My goal is to "sum" two not compatible matrices (matrices with different dimensions) using (and preserving) row and column names.
I've figured this approach: convert the matrices to data.table objects, join them and then sum columns vectors.
An example:
> M1
1 3 4 5 7 8
1 0 0 1 0 0 0
3 0 0 0 0 0 0
4 1 0 0 0 0 0
5 0 0 0 0 0 0
7 0 0 0 0 1 0
8 0 0 0 0 0 0
> M2
1 3 4 5 8
1 0 0 1 0 0
3 0 0 0 0 0
4 1 0 0 0 0
5 0 0 0 0 0
8 0 0 0 0 0
> M1 %ms% M2
1 3 4 5 7 8
1 0 0 2 0 0 0
3 0 0 0 0 0 0
4 2 0 0 0 0 0
5 0 0 0 0 0 0
7 0 0 0 0 1 0
8 0 0 0 0 0 0
This is my code:
M1 <- matrix(c(0,0,1,0,0,0,0,0,0,0,0,0,1,0,0,0,0,0,0,0,0,0,0,0,0,0,0,0,1,0,0,0,0,0,0,0), byrow = TRUE, ncol = 6)
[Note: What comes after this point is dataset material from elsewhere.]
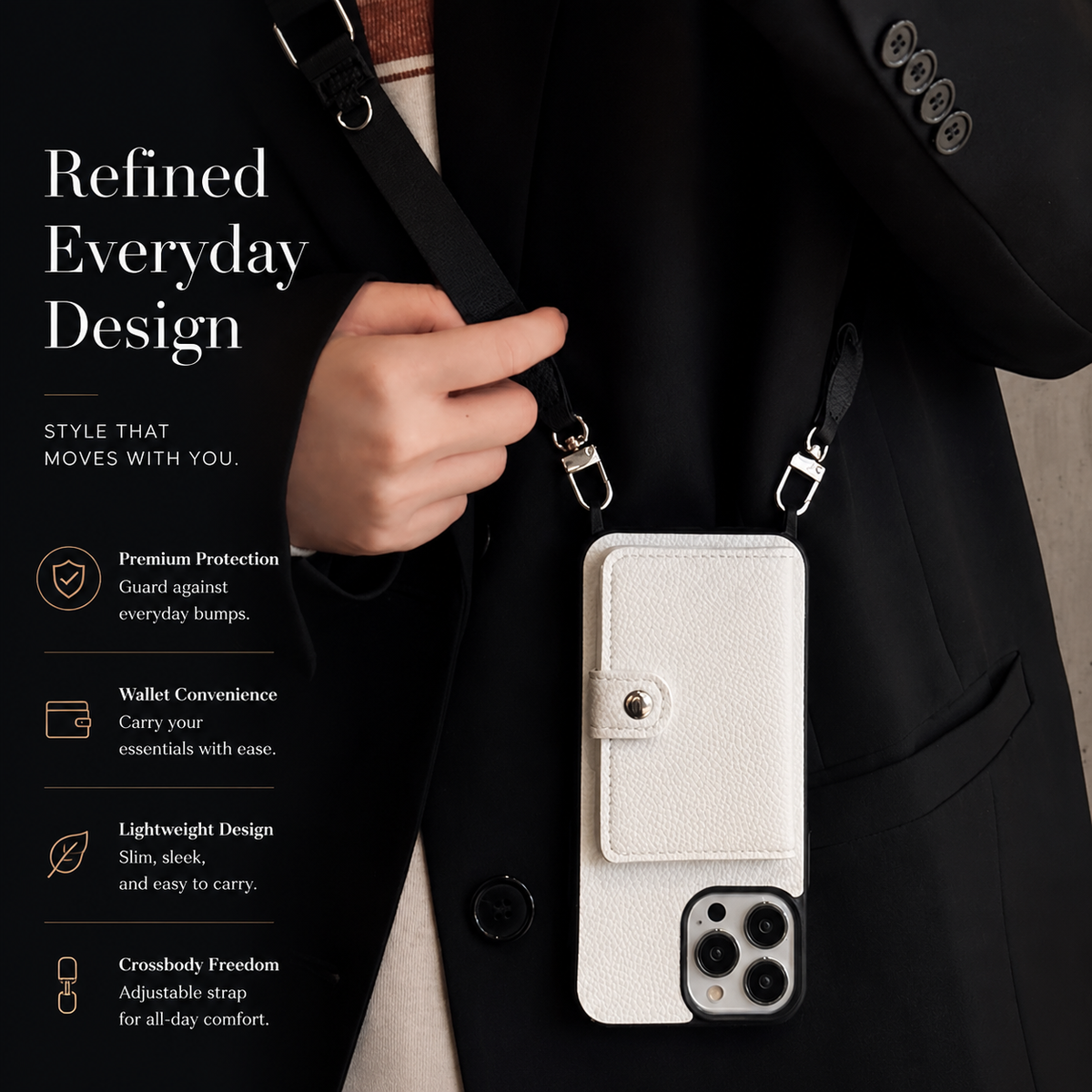 Premium iPhone Case Crossbody Wallet Cover PU Leather Card Holder RFID Protection Full Protection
colnames(M1) <- c(1,3,4,5,7,8)
M2 <- matrix(c(0,0,1,0,0,0,0,0,0,0,1,0,0,0,0,0,0,0,0,0,0,0,0,0,0), byrow = TRUE, ncol = 5)
colnames(M2) <- c(1,3,4,5,8)
# to data.table objects
DT1 <- data.table(M1, keep.rownames = TRUE, key = "rn")
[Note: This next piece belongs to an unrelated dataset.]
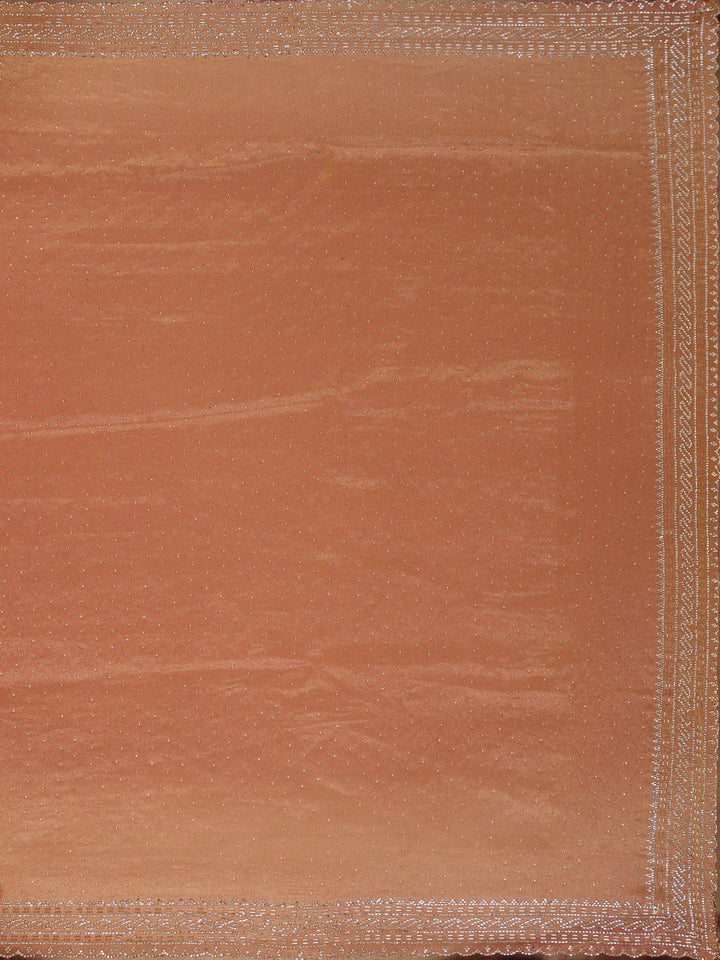 Orange Solid Design Georgette Saree - Diadem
DT2 <- data.table(M2, keep.rownames = TRUE, key = "rn")
# join and sum of common columns
if (nrow(DT1) > nrow(DT2)) {
A <- DT2[DT1, roll = TRUE]
A[, list(X1 = X1 + X1.1, X3 = X3 + X3.1, X4 = X4 + X4.1, X5 = X5 + X5.1, X7, X8 = X8 + X8.1), by = rn]
}
That outputs:
rn X1 X3 X4 X5 X7 X8
1: 1 0 0 2 0 0 0
2: 3 0 0 0 0 0 0
3: 4 2 0 0 0 0 0
4: 5 0 0 0 0 0 0
5: 7 0 0 0 0 1 0
6: 8 0 0 0 0 0 0
Then I can convert back this data.table to a matrix and fix row and column names.
The questions are:
how to generalize this procedure?
I need a way to automatically create list(X1 = X1 + X1.1, X3 = X3 + X3.1, X4 = X4 + X4.1, X5 = X5 + X5.1, X7, X8 = X8 + X8.1) because i want to apply this function to matrices which dimensions (and row/columns names) are not known in advance.
In summary I need a merge procedure that behaves as described.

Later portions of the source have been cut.